In 1972 the old complex was declared a historical and artistic site, and later the Ministry of Culture restored the Casa da Administración. This is now the headquarters of the Royal Sargadelos Trust, which is responsible for protecting the complex as a whole. In 1994, the Instituto Galego de Información, with Isaac Díaz Pardo as the leading figure, was the main promotor of the exhibition organised in the Museum of the Galician People about Las Reales Fábricas de Sargadelos, the Army and the Navy, organised by the Ministry of Defence and the Royal Sargadelos Trust. It was accompanied by the publication of a catalogue in eight volumes, published by Ediciós do Castro, including sources and historical research on the old Sargadelos.

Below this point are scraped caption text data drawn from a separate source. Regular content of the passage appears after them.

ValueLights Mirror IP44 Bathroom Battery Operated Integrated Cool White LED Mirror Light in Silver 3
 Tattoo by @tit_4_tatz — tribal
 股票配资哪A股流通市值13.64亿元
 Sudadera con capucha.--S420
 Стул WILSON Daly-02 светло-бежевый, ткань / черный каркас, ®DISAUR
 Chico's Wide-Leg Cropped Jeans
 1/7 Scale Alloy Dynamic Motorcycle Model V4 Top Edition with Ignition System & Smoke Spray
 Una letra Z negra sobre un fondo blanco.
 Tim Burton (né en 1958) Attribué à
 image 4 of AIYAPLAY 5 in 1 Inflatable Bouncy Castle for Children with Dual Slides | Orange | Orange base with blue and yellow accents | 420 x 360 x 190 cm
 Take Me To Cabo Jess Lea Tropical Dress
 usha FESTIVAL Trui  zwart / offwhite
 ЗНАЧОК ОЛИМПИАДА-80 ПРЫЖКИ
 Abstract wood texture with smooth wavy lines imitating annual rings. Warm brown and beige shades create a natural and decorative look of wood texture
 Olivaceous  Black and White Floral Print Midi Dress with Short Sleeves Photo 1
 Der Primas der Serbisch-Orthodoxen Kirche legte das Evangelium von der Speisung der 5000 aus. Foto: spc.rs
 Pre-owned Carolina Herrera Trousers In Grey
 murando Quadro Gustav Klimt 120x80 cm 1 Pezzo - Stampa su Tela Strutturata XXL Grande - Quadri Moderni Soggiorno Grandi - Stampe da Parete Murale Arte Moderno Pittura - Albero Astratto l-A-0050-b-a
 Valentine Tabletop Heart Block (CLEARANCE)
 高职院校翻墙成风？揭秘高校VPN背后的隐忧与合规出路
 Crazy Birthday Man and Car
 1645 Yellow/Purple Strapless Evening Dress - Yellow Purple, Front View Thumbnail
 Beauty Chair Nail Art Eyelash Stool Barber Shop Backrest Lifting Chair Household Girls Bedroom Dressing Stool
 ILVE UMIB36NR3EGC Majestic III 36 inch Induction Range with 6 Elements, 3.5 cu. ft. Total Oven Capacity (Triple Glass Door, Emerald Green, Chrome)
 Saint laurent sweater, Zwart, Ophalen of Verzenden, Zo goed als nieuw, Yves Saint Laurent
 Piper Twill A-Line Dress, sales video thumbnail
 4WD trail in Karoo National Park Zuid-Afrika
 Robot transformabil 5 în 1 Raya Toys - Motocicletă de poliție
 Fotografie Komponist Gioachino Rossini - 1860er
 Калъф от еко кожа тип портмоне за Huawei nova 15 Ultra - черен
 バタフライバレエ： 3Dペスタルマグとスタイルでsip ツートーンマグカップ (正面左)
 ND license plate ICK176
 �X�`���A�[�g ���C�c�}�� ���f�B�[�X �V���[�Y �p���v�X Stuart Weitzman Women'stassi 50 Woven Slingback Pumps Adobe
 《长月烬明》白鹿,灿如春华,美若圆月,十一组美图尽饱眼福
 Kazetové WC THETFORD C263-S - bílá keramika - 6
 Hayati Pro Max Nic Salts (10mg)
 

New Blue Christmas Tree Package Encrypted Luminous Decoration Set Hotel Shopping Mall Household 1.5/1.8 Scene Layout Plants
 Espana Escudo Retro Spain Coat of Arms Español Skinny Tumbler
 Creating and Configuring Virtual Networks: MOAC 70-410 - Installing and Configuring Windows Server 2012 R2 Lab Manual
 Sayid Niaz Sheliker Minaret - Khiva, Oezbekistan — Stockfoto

The new Sargadelos demonstrated its links to the historical Sargadelos: in 1972 the old complex was named a historical and artistic site.

Interior da fábrica de Sargadelos
Interior da fábrica de Sargadelos

The Sargadelos factory, together with that of Castro, would continue to operate under the management of Díaz Pardo until in the early 2000s a business decision by other partners would remove him from positions of control. Currently, after overcoming many obstacles, the ovens of Castro and Sargadelos continue to operate with a project that is more commercial and less cultural.